Data block:

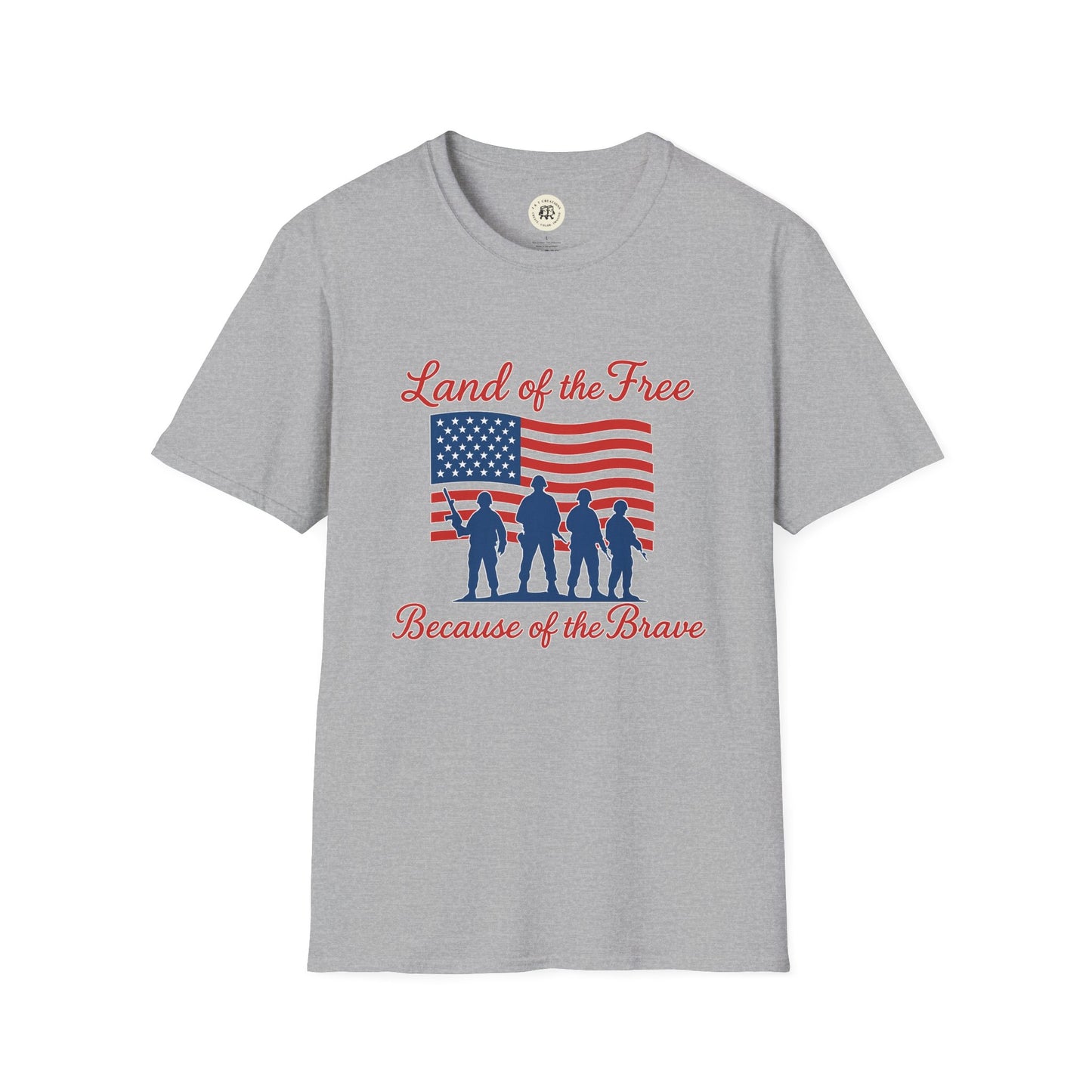 Gray Printify Land of the Free shirt with American flag and soldier silhouettes design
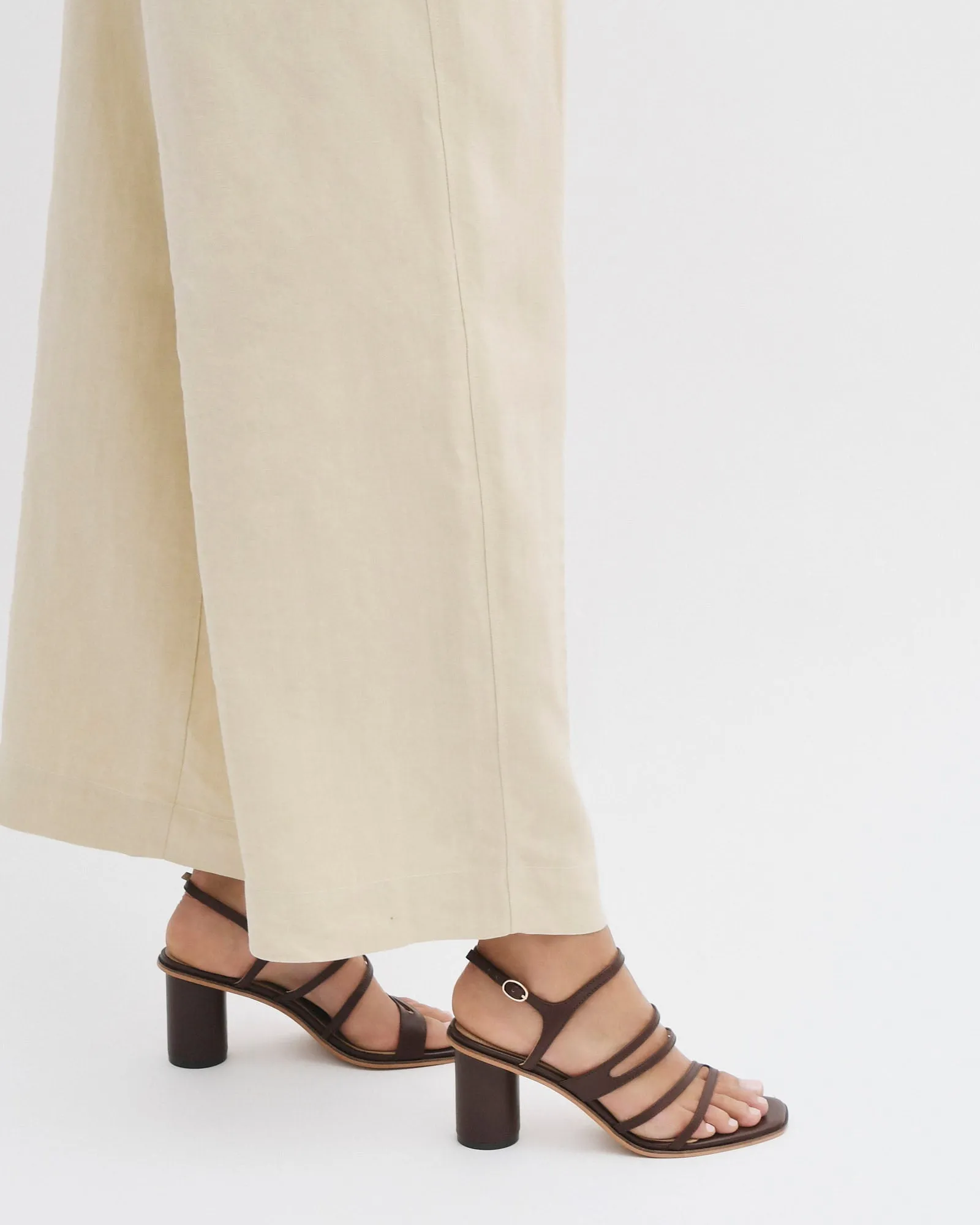 NOBU HIGH HEEL SANDALS COCOA BROWN LEATHER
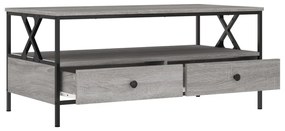 Tavolino da salotto grigio sonoma 100x51x45cm legno multistrato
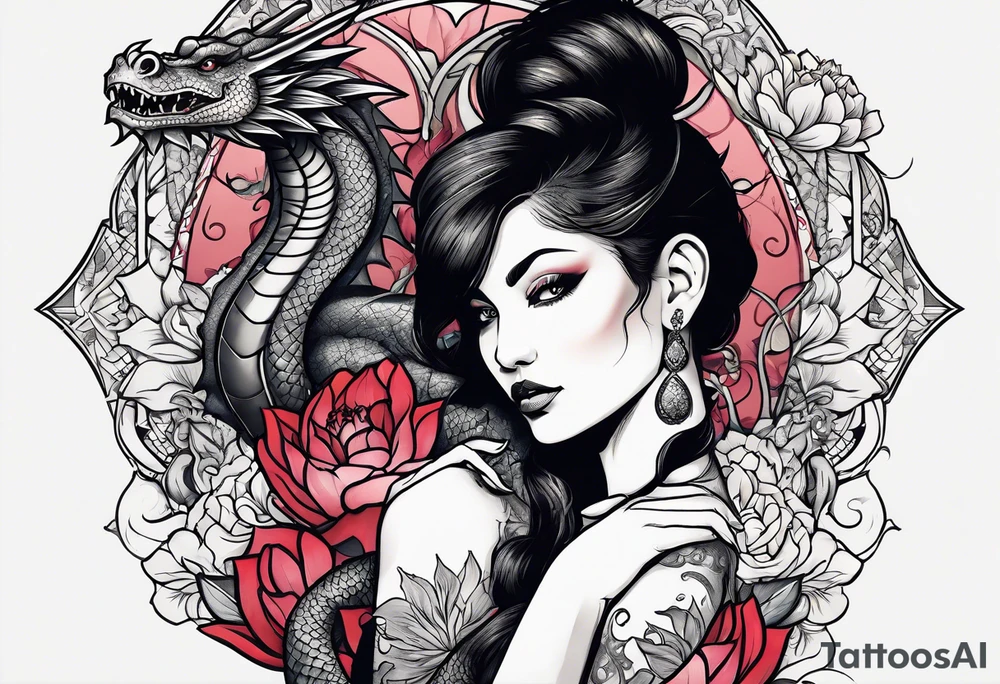 A woman with a dragon tattoo on her arm, holding a lotus flower. tattoo idea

Work instruction:
Every line of the material must be repeated exactly; pictures stay out.

Task response:
 Gray Printify Land of the Free shirt with American flag and soldier silhouettes design
 NOBU HIGH HEEL SANDALS COCOA BROWN LEATHER
 Tavolino da salotto grigio sonoma 100x51x45cm legno multistrato
 A woman with a dragon tattoo on her arm, holding a lotus flower. tattoo idea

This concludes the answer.